Editorial: Fire drill searches could spark negative effects

Throughout this past week, scheduled fire drills resulted in random room and apartment searches by Public Safety officers. The University informs residents of its right to conduct random room searches to enforce policy, but what occurs during the search concerns residents after this week’s activity.

Many West campus residents watched from behind the safety zone as Public Safety officers removed personal furniture from several apartments during the week’s fire drills. The officers’ justification of the removal of the furniture – long tables – was that they were considered alcohol paraphernalia. Students returned to their apartments after the fire drill expecting to find all of their belongings, but some were greeted with an unpleasant surprise: increased living space due to the absence of confiscated items.

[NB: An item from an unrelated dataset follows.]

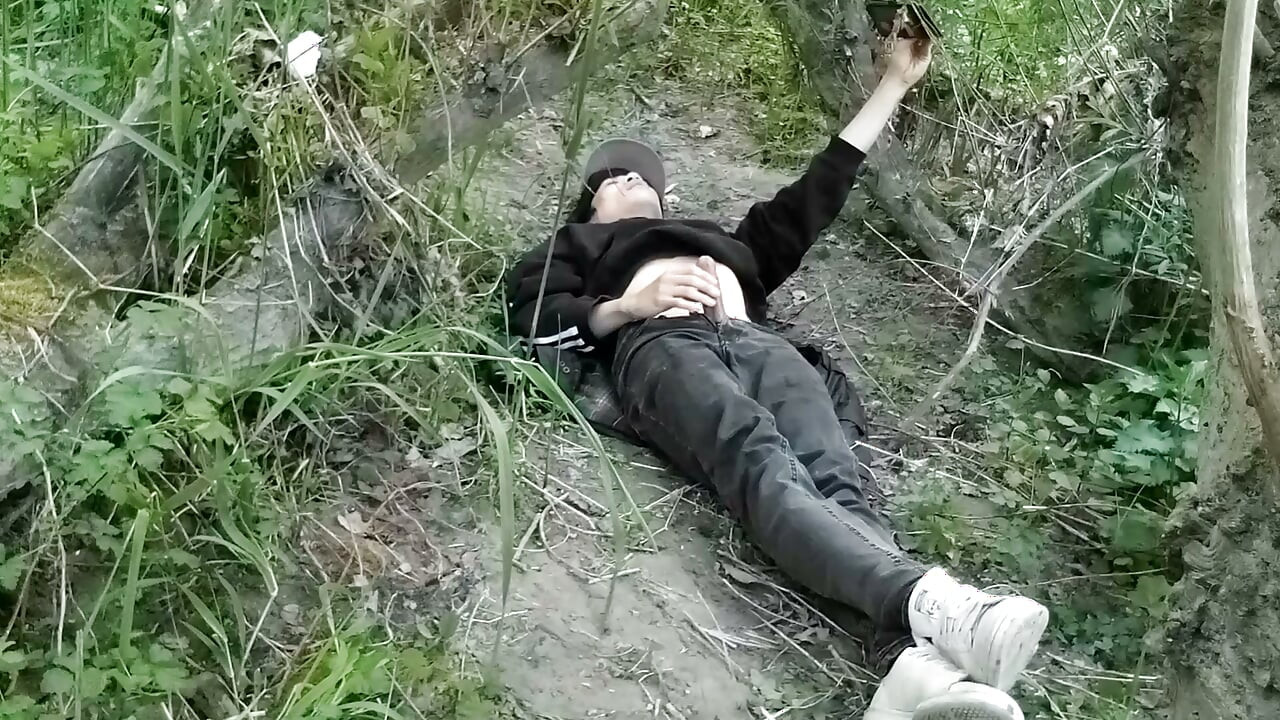 This gay twink sticks his cock through his fly to jerk off outside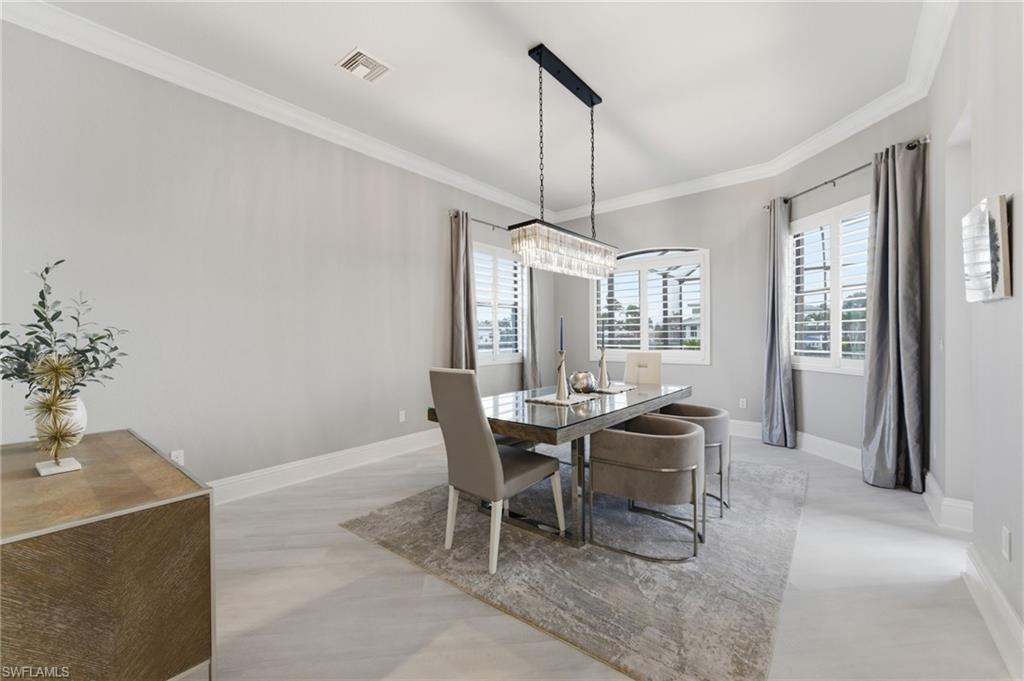Dining room featuring plenty of natural light and ornamental molding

We understand the University’s right to enforce the alcohol policy they have clearly established on campus, but we find fault in removing personal items without notifying the owners.

While it is very possible that these tables were used for alcohol-related activities, there is no way to determine whether or not these tables have other purposes, such as places for an eating or studying, by simply taking a quick peek in the room. Because a fire drill was underway, the tables were not being used at that moment for alcohol-related purposes. We assume Public Safety would not remove refrigerators because at some point alcohol could have been stored in them.

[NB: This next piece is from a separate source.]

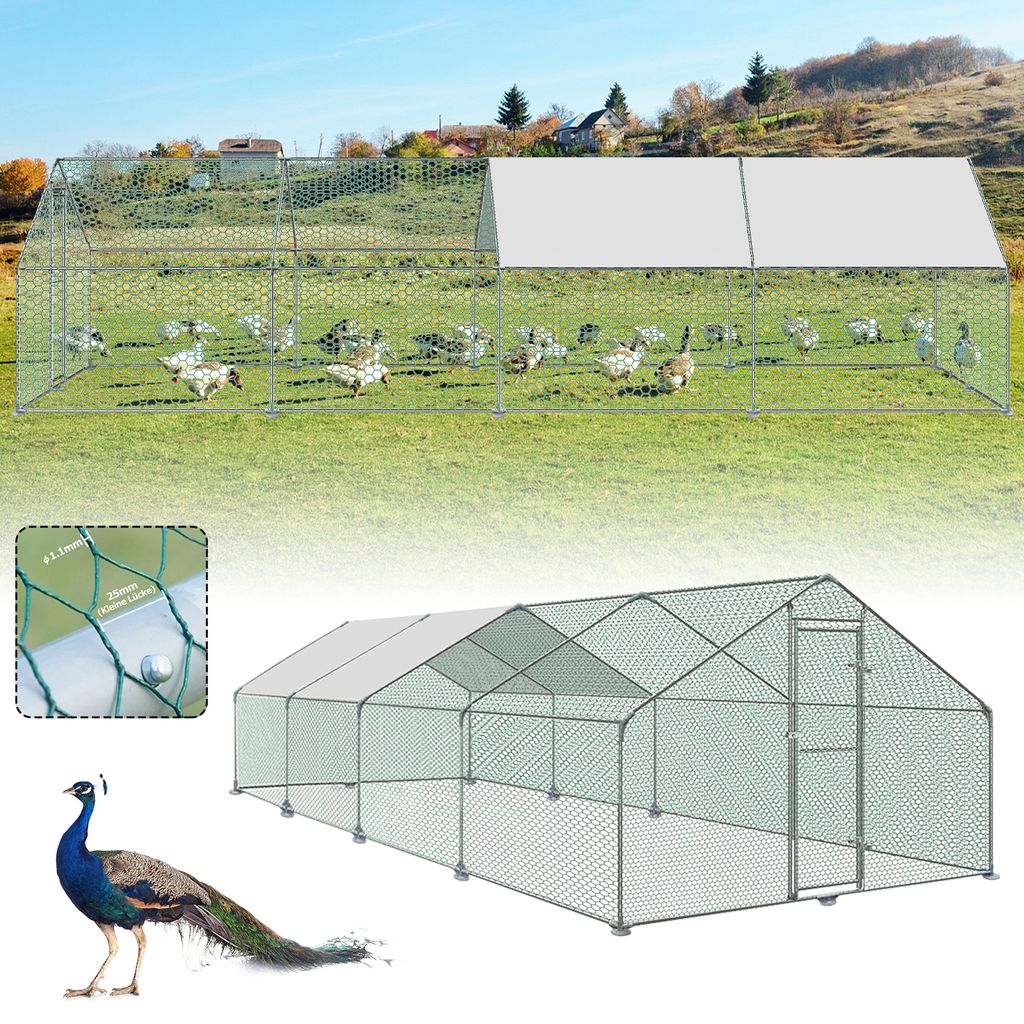 A large outdoor chicken coop with a covered roof section, situated in a grassy field with a few houses in the background. A peacock is shown in the foreground.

This confiscation of property in the owner’s absence has prompted much discussion among the West campus residents who are concerned with the safety of their personal possessions. Many are suggesting that the next time they hear the fire alarms blaring, they will rummage about their apartment before exiting to hide their belongings. Others are going so far as saying that they will not leave their apartment during a fire alarm to ensure that nothing will be taken from their rooms. Both of these practices will thwart Public Safety’s efforts to enforce their policies.

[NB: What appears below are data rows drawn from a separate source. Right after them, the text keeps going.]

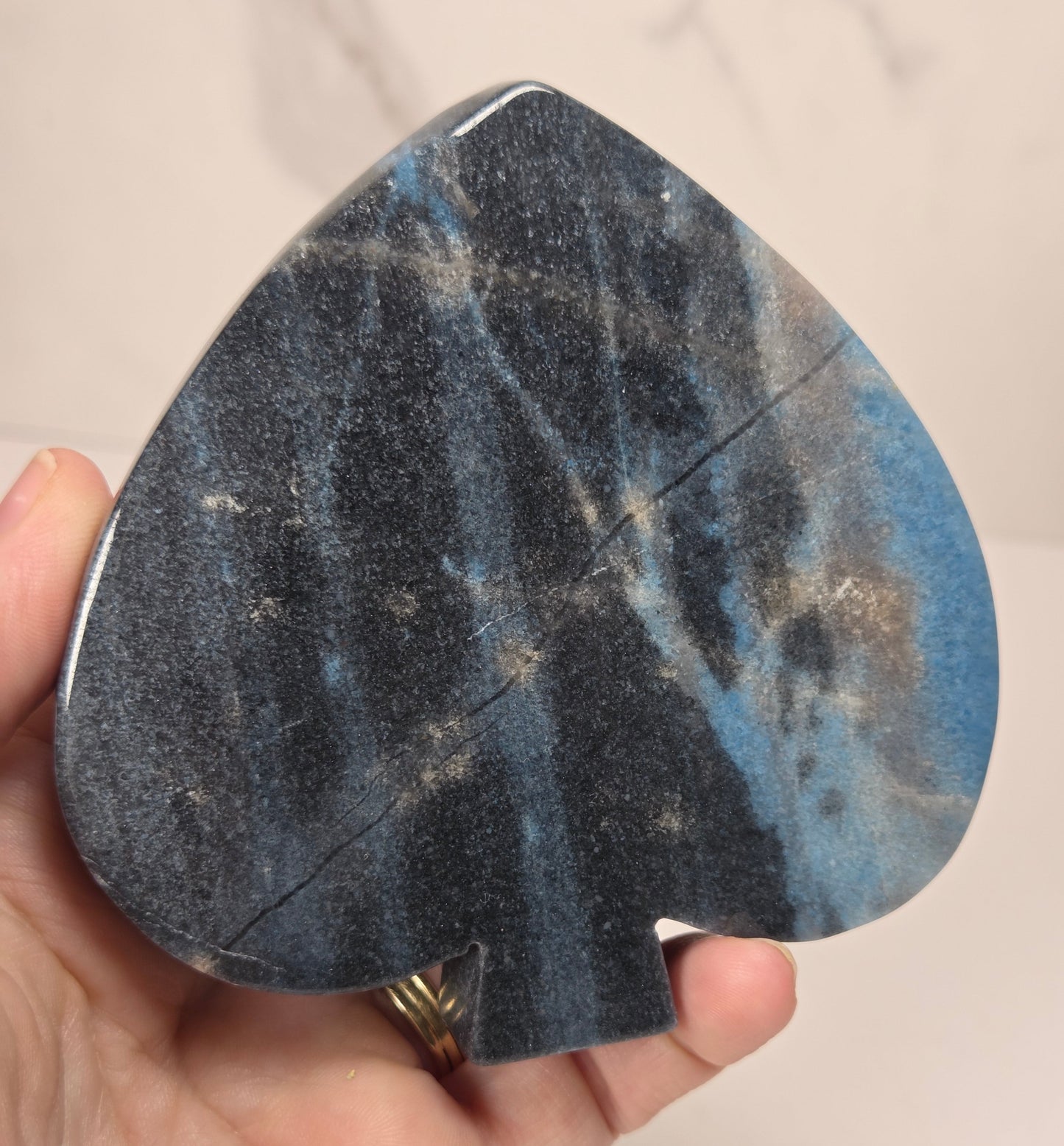 A hand holding a teardrop-shaped black and blue speckled stone object, likely a decorative piece or compact mirror, against a light marble-patterned background.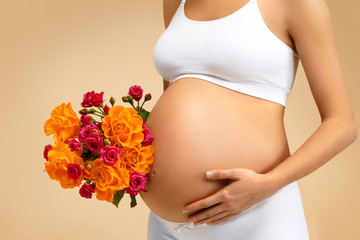 Close up of pregnant woman with bouquet of flowers on beige background. Pregnancy, maternity, preparation and expectation concept
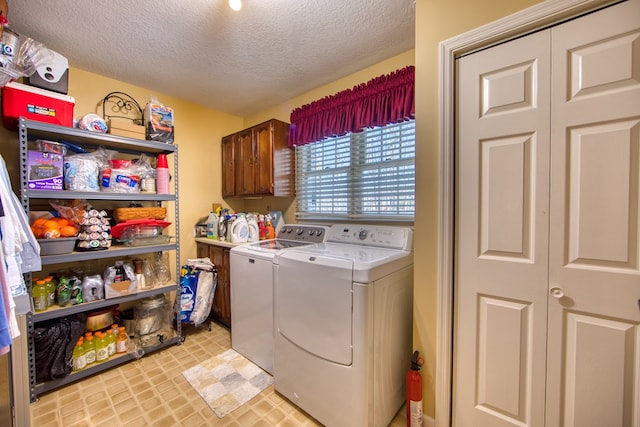 laundry room featuring cabinet space, a textured ceiling, and independent washer and dryer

In the event of a real fire, though, this practice could be potentially fatal, as residents may not recognize the building is burning down until it is already too late to escape. By removing personal property from rooms, Public Safety is effectively encouraging students not to leave their rooms at the sound of a fire alarm, a decision that proved fatal in a Seton Hall University residence hall in the fall of 1999.

Rather than have the situation escalate to such drastic and potentially fatal levels, the University should consider taking other actions. While it is necessary as noted in the Blue Book to remove alcohol paraphernalia, such as funnels, during apartment searches, when it comes to removing furniture, residents should be consulted. If a “suspicious’ table is discovered, residents should be notified and the matter discussed, even if it means returning to the room to confront students after the fire alarm has been deactivated. Taking these actions would avoid compromising student safety in the event of a real fire and would also enforce compliance with University policy.